> **Excerpted records**:
* * * *

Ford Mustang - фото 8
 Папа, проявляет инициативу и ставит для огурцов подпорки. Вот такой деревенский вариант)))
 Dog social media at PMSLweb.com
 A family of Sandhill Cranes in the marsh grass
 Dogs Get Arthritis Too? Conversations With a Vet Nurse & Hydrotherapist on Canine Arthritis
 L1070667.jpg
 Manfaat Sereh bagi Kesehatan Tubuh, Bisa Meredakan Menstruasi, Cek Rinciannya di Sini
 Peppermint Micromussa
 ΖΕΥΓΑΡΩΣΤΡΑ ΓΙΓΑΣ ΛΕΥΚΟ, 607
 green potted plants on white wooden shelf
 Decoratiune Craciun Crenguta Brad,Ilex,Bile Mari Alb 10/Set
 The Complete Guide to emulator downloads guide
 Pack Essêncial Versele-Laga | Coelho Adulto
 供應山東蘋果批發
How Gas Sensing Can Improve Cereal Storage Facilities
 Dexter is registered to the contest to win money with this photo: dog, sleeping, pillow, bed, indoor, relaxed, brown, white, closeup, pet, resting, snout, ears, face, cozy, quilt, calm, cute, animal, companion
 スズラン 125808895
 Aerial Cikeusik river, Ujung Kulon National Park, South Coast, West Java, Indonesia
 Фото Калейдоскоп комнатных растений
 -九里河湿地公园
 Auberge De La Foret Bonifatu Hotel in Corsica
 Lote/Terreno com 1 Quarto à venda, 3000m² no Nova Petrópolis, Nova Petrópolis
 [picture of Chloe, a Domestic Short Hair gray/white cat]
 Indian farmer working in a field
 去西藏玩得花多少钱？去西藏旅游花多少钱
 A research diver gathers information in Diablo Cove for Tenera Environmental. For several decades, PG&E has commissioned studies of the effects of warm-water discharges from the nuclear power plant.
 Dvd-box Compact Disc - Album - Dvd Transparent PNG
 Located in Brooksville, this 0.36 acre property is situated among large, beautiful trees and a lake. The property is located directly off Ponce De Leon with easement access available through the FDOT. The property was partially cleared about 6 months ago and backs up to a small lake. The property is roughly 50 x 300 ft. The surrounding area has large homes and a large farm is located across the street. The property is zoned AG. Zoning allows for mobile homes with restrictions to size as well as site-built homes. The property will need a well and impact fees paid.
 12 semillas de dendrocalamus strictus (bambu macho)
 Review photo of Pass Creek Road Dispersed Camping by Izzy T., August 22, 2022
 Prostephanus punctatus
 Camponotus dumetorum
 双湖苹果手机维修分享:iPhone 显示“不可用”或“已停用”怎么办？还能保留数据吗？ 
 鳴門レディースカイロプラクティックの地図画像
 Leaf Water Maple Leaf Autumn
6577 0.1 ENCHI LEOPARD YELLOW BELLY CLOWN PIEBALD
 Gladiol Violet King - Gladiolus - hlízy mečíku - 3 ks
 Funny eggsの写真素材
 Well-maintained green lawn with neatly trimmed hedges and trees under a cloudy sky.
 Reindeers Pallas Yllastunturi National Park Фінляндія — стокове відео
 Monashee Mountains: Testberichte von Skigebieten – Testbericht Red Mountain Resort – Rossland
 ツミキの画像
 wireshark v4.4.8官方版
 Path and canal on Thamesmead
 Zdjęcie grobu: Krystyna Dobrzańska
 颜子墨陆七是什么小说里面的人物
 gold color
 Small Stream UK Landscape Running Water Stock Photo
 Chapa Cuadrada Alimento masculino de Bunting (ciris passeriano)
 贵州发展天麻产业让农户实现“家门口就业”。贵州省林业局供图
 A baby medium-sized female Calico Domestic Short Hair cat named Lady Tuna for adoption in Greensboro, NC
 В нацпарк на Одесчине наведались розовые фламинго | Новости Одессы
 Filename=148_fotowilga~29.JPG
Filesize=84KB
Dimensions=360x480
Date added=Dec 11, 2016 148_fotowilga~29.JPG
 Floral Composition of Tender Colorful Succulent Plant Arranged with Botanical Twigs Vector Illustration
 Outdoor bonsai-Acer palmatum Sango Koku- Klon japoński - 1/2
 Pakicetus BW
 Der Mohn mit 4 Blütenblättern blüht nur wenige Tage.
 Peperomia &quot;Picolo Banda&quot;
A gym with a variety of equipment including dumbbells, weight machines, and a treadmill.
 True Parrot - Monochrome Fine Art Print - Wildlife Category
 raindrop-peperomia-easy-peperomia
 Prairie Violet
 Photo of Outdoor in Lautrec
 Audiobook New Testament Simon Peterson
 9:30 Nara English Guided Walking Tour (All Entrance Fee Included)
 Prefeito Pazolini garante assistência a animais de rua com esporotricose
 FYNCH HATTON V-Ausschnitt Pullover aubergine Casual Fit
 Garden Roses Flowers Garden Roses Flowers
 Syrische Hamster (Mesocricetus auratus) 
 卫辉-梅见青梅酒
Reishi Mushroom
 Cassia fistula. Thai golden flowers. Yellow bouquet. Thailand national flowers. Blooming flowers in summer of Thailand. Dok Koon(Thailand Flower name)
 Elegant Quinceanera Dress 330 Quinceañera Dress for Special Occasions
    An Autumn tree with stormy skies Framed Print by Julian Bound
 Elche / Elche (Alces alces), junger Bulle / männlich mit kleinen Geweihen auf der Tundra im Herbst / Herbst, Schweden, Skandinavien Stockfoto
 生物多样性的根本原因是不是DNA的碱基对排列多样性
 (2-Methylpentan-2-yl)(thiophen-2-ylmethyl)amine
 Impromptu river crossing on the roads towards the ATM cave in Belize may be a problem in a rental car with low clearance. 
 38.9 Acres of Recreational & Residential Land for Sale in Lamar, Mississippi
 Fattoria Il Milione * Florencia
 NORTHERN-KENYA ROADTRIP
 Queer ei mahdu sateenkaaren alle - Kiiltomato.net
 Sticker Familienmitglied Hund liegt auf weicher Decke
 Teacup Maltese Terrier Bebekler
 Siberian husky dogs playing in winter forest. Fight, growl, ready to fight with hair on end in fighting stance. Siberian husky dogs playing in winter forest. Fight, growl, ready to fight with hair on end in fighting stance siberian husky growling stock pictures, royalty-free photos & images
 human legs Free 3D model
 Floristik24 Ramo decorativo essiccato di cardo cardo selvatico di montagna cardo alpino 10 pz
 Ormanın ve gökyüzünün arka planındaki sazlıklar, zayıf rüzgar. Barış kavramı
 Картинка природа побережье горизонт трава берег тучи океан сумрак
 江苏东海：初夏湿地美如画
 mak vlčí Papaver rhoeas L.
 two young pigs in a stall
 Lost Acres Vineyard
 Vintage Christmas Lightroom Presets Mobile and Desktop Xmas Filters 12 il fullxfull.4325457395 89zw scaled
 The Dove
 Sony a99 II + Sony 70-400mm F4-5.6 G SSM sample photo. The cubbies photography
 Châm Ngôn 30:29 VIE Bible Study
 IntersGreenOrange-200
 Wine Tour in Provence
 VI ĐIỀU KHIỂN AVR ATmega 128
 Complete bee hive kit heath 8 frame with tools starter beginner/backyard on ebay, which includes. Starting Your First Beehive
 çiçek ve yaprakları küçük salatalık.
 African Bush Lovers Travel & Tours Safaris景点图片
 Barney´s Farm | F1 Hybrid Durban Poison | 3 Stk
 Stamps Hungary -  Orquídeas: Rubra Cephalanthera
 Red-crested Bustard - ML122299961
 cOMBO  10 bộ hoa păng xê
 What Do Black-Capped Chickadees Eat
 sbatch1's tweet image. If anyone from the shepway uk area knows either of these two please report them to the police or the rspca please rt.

* * * *

> **Exercise**:
Restate the listing word for word.

> **Solution for this problem**:
Ford Mustang - фото 8
 Папа, проявляет инициативу и ставит для огурцов подпорки. Вот такой деревенский вариант)))
 Dog social media at PMSLweb.com
 A family of Sandhill Cranes in the marsh grass
 Dogs Get Arthritis Too? Conversations With a Vet Nurse & Hydrotherapist on Canine Arthritis
 L1070667.jpg
 Manfaat Sereh bagi Kesehatan Tubuh, Bisa Meredakan Menstruasi, Cek Rinciannya di Sini
 Peppermint Micromussa
 ΖΕΥΓΑΡΩΣΤΡΑ ΓΙΓΑΣ ΛΕΥΚΟ, 607
 green potted plants on white wooden shelf
 Decoratiune Craciun Crenguta Brad,Ilex,Bile Mari Alb 10/Set
 The Complete Guide to emulator downloads guide
 Pack Essêncial Versele-Laga | Coelho Adulto
 供應山東蘋果批發
How Gas Sensing Can Improve Cereal Storage Facilities
 Dexter is registered to the contest to win money with this photo: dog, sleeping, pillow, bed, indoor, relaxed, brown, white, closeup, pet, resting, snout, ears, face, cozy, quilt, calm, cute, animal, companion
 スズラン 125808895
 Aerial Cikeusik river, Ujung Kulon National Park, South Coast, West Java, Indonesia
 Фото Калейдоскоп комнатных растений
 -九里河湿地公园
 Auberge De La Foret Bonifatu Hotel in Corsica
 Lote/Terreno com 1 Quarto à venda, 3000m² no Nova Petrópolis, Nova Petrópolis
 [picture of Chloe, a Domestic Short Hair gray/white cat]
 Indian farmer working in a field
 去西藏玩得花多少钱？去西藏旅游花多少钱
 A research diver gathers information in Diablo Cove for Tenera Environmental. For several decades, PG&E has commissioned studies of the effects of warm-water discharges from the nuclear power plant.
 Dvd-box Compact Disc - Album - Dvd Transparent PNG
 Located in Brooksville, this 0.36 acre property is situated among large, beautiful trees and a lake. The property is located directly off Ponce De Leon with easement access available through the FDOT. The property was partially cleared about 6 months ago and backs up to a small lake. The property is roughly 50 x 300 ft. The surrounding area has large homes and a large farm is located across the street. The property is zoned AG. Zoning allows for mobile homes with restrictions to size as well as site-built homes. The property will need a well and impact fees paid.
 12 semillas de dendrocalamus strictus (bambu macho)
 Review photo of Pass Creek Road Dispersed Camping by Izzy T., August 22, 2022
 Prostephanus punctatus
 Camponotus dumetorum
 双湖苹果手机维修分享:iPhone 显示“不可用”或“已停用”怎么办？还能保留数据吗？ 
 鳴門レディースカイロプラクティックの地図画像
 Leaf Water Maple Leaf Autumn
6577 0.1 ENCHI LEOPARD YELLOW BELLY CLOWN PIEBALD
 Gladiol Violet King - Gladiolus - hlízy mečíku - 3 ks
 Funny eggsの写真素材
 Well-maintained green lawn with neatly trimmed hedges and trees under a cloudy sky.
 Reindeers Pallas Yllastunturi National Park Фінляндія — стокове відео
 Monashee Mountains: Testberichte von Skigebieten – Testbericht Red Mountain Resort – Rossland
 ツミキの画像
 wireshark v4.4.8官方版
 Path and canal on Thamesmead
 Zdjęcie grobu: Krystyna Dobrzańska
 颜子墨陆七是什么小说里面的人物
 gold color
 Small Stream UK Landscape Running Water Stock Photo
 Chapa Cuadrada Alimento masculino de Bunting (ciris passeriano)
 贵州发展天麻产业让农户实现“家门口就业”。贵州省林业局供图
 A baby medium-sized female Calico Domestic Short Hair cat named Lady Tuna for adoption in Greensboro, NC
 В нацпарк на Одесчине наведались розовые фламинго | Новости Одессы
 Filename=148_fotowilga~29.JPG
Filesize=84KB
Dimensions=360x480
Date added=Dec 11, 2016 148_fotowilga~29.JPG
 Floral Composition of Tender Colorful Succulent Plant Arranged with Botanical Twigs Vector Illustration
 Outdoor bonsai-Acer palmatum Sango Koku- Klon japoński - 1/2
 Pakicetus BW
 Der Mohn mit 4 Blütenblättern blüht nur wenige Tage.
 Peperomia &quot;Picolo Banda&quot;
A gym with a variety of equipment including dumbbells, weight machines, and a treadmill.
 True Parrot - Monochrome Fine Art Print - Wildlife Category
 raindrop-peperomia-easy-peperomia
 Prairie Violet
 Photo of Outdoor in Lautrec
 Audiobook New Testament Simon Peterson
 9:30 Nara English Guided Walking Tour (All Entrance Fee Included)
 Prefeito Pazolini garante assistência a animais de rua com esporotricose
 FYNCH HATTON V-Ausschnitt Pullover aubergine Casual Fit
 Garden Roses Flowers Garden Roses Flowers
 Syrische Hamster (Mesocricetus auratus) 
 卫辉-梅见青梅酒
Reishi Mushroom
 Cassia fistula. Thai golden flowers. Yellow bouquet. Thailand national flowers. Blooming flowers in summer of Thailand. Dok Koon(Thailand Flower name)
 Elegant Quinceanera Dress 330 Quinceañera Dress for Special Occasions
    An Autumn tree with stormy skies Framed Print by Julian Bound
 Elche / Elche (Alces alces), junger Bulle / männlich mit kleinen Geweihen auf der Tundra im Herbst / Herbst, Schweden, Skandinavien Stockfoto
 生物多样性的根本原因是不是DNA的碱基对排列多样性
 (2-Methylpentan-2-yl)(thiophen-2-ylmethyl)amine
 Impromptu river crossing on the roads towards the ATM cave in Belize may be a problem in a rental car with low clearance. 
 38.9 Acres of Recreational & Residential Land for Sale in Lamar, Mississippi
 Fattoria Il Milione * Florencia
 NORTHERN-KENYA ROADTRIP
 Queer ei mahdu sateenkaaren alle - Kiiltomato.net
 Sticker Familienmitglied Hund liegt auf weicher Decke
 Teacup Maltese Terrier Bebekler
 Siberian husky dogs playing in winter forest. Fight, growl, ready to fight with hair on end in fighting stance. Siberian husky dogs playing in winter forest. Fight, growl, ready to fight with hair on end in fighting stance siberian husky growling stock pictures, royalty-free photos & images
 human legs Free 3D model
 Floristik24 Ramo decorativo essiccato di cardo cardo selvatico di montagna cardo alpino 10 pz
 Ormanın ve gökyüzünün arka planındaki sazlıklar, zayıf rüzgar. Barış kavramı
 Картинка природа побережье горизонт трава берег тучи океан сумрак
 江苏东海：初夏湿地美如画
 mak vlčí Papaver rhoeas L.
 two young pigs in a stall
 Lost Acres Vineyard
 Vintage Christmas Lightroom Presets Mobile and Desktop Xmas Filters 12 il fullxfull.4325457395 89zw scaled
 The Dove
 Sony a99 II + Sony 70-400mm F4-5.6 G SSM sample photo. The cubbies photography
 Châm Ngôn 30:29 VIE Bible Study
 IntersGreenOrange-200
 Wine Tour in Provence
 VI ĐIỀU KHIỂN AVR ATmega 128
 Complete bee hive kit heath 8 frame with tools starter beginner/backyard on ebay, which includes. Starting Your First Beehive
 çiçek ve yaprakları küçük salatalık.
 African Bush Lovers Travel & Tours Safaris景点图片
 Barney´s Farm | F1 Hybrid Durban Poison | 3 Stk
 Stamps Hungary -  Orquídeas: Rubra Cephalanthera
 Red-crested Bustard - ML122299961
 cOMBO  10 bộ hoa păng xê
 What Do Black-Capped Chickadees Eat
 sbatch1's tweet image. If anyone from the shepway uk area knows either of these two please report them to the police or the rspca please rt.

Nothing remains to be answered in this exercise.